§ **Task data**:
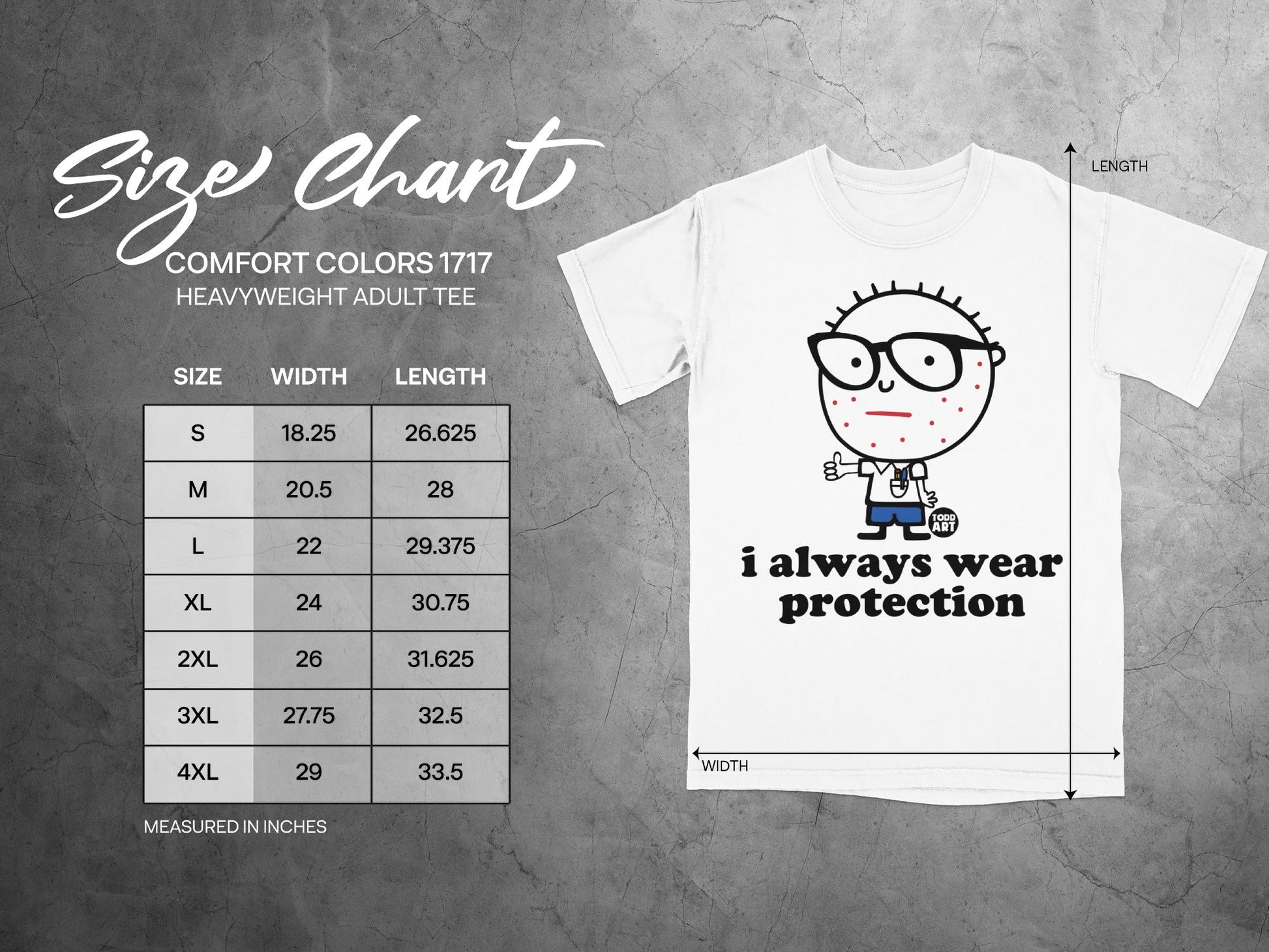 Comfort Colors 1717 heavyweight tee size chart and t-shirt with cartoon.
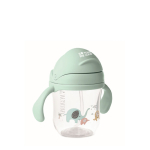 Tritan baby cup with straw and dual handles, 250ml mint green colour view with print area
* * *
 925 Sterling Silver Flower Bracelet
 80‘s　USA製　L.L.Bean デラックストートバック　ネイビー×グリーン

§ **Task prompt**: For the material above, give again only the lines starting at the line that contains "Comfort Colors 1717" and ending at the line that contains "Tritan baby cup". Pictures do not belong in the copy.

§ **Answer for this exercise**:
 Comfort Colors 1717 heavyweight tee size chart and t-shirt with cartoon.
 Tritan baby cup with straw and dual handles, 250ml mint green colour view with print area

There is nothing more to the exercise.